(WHAT TO PRODUCE):
Strip the pictures and reproduce the rest of the listing exactly.

(SUPPLIED INFORMATION):
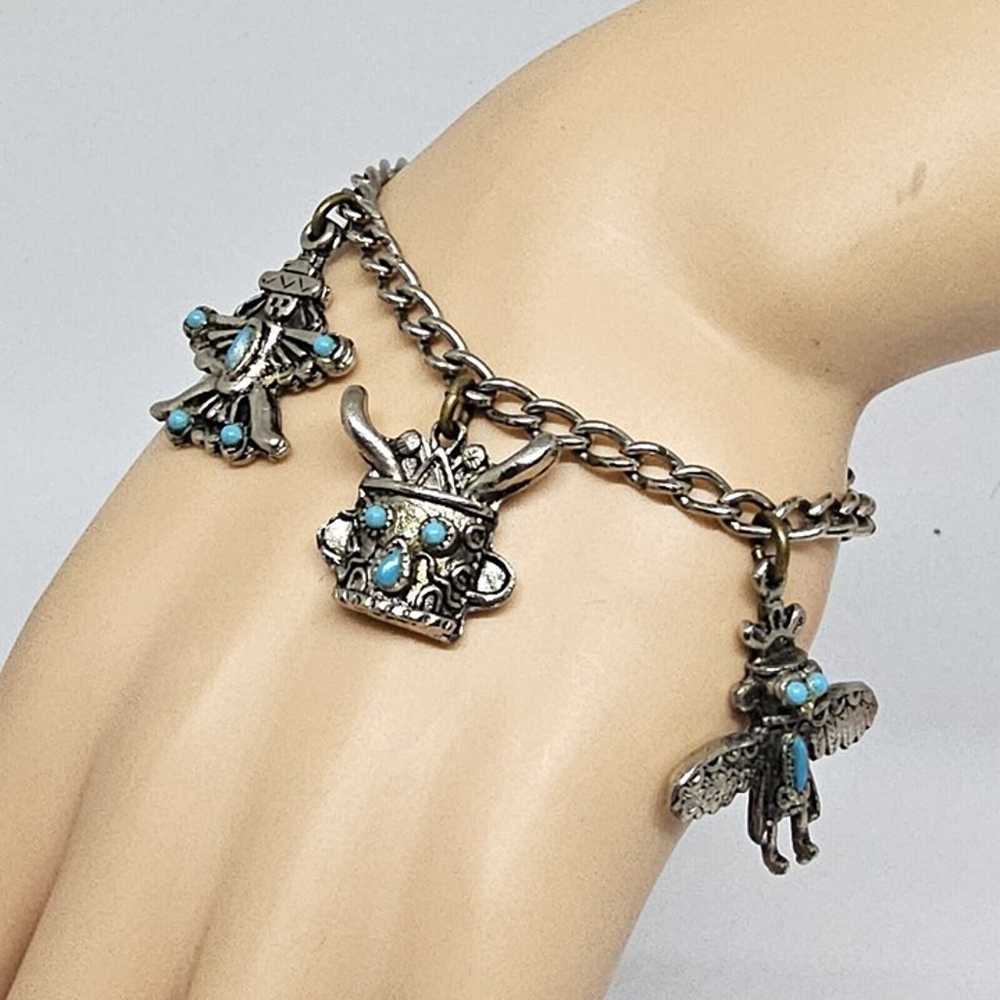 Vintage Southwestern Silver Tone Charm Chain Brac… - image 10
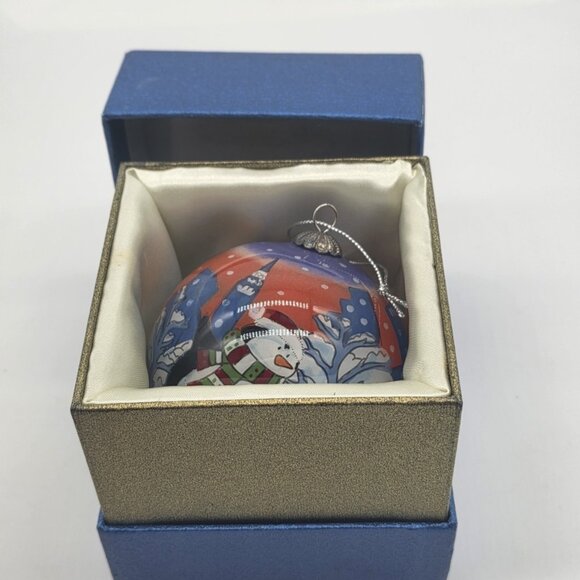 Pier 1 Li Bien Christmas Ornament Glass Ball Holiday 2014 Ice Skating Penguins - Picture 8 of 10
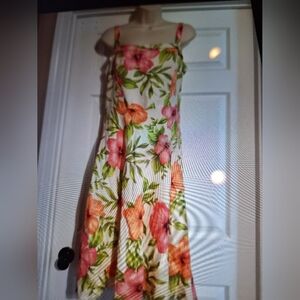 Tropical Floral Midi Dress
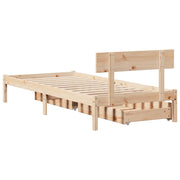 Estructura de cama sin colchón madera maciza de pino 90x190 cm - Vetonek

(EXERCISE RESPONSE):
 Vintage Southwestern Silver Tone Charm Chain Brac… - image 10
 Pier 1 Li Bien Christmas Ornament Glass Ball Holiday 2014 Ice Skating Penguins - Picture 8 of 10
 Tropical Floral Midi Dress
 Estructura de cama sin colchón madera maciza de pino 90x190 cm - Vetonek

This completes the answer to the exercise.